John Goldingay (b. 1942) portrays:

Nimrod is the Bible’s first individual “champion” or outstanding warrior, following on the Fallen of Genesis 6 who were also “champions” or warriors; there will be no more “champions” in the Torah (except God). Further, Nimrod is the only hunter in the Old Testament except Esau. And he is this “before Yahweh”: even by God’s standards, Nimrod is impressive. Yet further, he is the first person in Scripture with whom words such as king or reign are associated, the first person in the Bible with a kingdom. The comments about him suggest an anticipatory judgment on earthly kingship and kingdom. The existence of powerful states and powerful rulers is at best an ambiguous development in the world’s unfolding story. (Goldingay, Genesis for Everyone, Part One: Chapters 1-16 123)
Nimrod vastly expands his territory. Victor P. Hamilton (b. 1941) traces:
Four (or three?) cities are connected with Nimrod. Three of them are well known: Babylon, the ancient capital city of Mesopotamia, situated on a branch of the Euphrates, southwest of Baghdad; Erech (ancient Uruk, modern Warka), an important Sumerian city (especially 4th-3rd millennium B.C.), located about 160 miles southeast of Baghdad; Accad (also spelled Akkad or Agade), the capital city of the dynasty of Sargon of Akkad, situated on the Euphrates in northern Babylonia, though its site has never been discovered...The city about which there is uncertainty is Calneh. Amos 6:2 mentions a city by this name, along with Carchemish, Hamathm and Arpad, as cities conquered by the Assyrians, and hence pointing to northern Syria. It is difficult, however, to identify this northern Calneh with the one in Genesis 10, which is specifically designated as being in the land of Shinar, that is Sumer, which is in the south, unless the northern Calneh (Amos 6:2), is to be seen as a commercial colony named after the mother city in the south (Genesis 10:10). Furthermore, the extant cuneiform literature has no references to a southern (i.e., Babylonian) Calneh. (Hamilton, The Book of Genesis: Chapters 1-17 (New International Commentary on the Old Testament Series), 339)
Nimrod became so celebrated that a proverbial saying developed around his name, the way a great basketball move today might be described as “Jordanesque” in deference to Michael Jordan (Genesis 10:9).

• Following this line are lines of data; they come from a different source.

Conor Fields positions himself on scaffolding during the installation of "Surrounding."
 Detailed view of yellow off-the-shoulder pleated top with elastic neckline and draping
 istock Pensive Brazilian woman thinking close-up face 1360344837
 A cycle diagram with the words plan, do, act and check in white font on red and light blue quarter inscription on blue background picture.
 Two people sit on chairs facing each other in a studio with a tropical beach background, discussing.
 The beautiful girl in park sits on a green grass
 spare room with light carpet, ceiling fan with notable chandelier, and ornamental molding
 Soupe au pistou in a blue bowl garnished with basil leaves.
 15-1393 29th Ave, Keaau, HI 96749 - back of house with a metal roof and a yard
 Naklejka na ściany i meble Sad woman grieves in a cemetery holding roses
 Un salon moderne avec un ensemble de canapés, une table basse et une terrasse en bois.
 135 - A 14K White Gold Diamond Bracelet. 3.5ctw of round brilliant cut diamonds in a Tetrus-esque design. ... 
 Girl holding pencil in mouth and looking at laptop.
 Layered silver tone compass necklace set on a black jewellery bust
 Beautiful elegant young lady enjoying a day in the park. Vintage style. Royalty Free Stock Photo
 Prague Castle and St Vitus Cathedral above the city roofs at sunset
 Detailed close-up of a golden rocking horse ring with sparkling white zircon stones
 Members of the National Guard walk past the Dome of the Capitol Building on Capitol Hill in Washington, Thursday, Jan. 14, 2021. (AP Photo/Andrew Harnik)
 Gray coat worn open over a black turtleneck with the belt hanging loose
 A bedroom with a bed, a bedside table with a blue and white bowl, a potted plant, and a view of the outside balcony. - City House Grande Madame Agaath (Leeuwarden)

Robert Davidson (1927-2012) compares:

Just as biblical names have come down to us embedded in proverbial sayings – we speak, for example of someone having ‘the patience of Job’ –so the Hebrews knew of a proverbial saying in which the name of an ancient non-Hebrew hero Nimrod appeared. (Davidson, Genesis 1-11 (Cambridge Bible Commentaries on the Old Testament), 102)
Like most of the material involving Nimrod, the aphorism is cryptic. Kenneth A. Mathews (b. 1950) explains:
The proverb “Like Nimrod, a mighty hunter before the LORD” is unclear about how the author interprets the expression. “Before the LORD” has been taken as God’s favor toward Nimrod, or conversely, suggesting sinful rebellion as in the thought of Psalm 66:7: “He [God] rules forever by his power, his eyes watch the nations—let not the rebellious rise up against him.” Some conclude alternatively that the phrase is neutral, only expressing a superlative, thereby indicating that Nimrod’s activities stood out especially. Lexical connections between the Nimrod narrative and the tower event (Genesis 11:1-9), however, encourage the reader to interpret Nimrod’s activities, as the founder of Babel, in the same negative light the Lord “saw” the efforts of the tower builders. (Mathews, Genesis 1- 11:26 (The New American Commentary), 450)
Bill T. Arnold (b. 1955) views Nimrod’s exploits as indicative of far reaching ramifications:
This note also gives the etiological understanding of an early aphorism in ancient Israel (Genesis 10:9): “Like Nimrod a mighty hunter before Yahweh.” This presumably hints that post-flood humanity has already reverted to pre-flood despotism. (Arnold, Genesis (New Cambridge Bible Commentary), 116)
The name Nimrod persists today with two widely disparate meanings, a hunter and a person deemed silly or foolish. The prevalence of the latter has trumped the former. Amazingly, the second meaning likely derived from the cartoon character Bugs Bunny. The wily rabbit used the term in its original sense to refer to his nemesis, the asinine hunter Elmer Fudd, whom he called a “poor little Nimrod.” Eventually, the name became more associated with the characteristics of the inept animated hunter than the great biblical warrior.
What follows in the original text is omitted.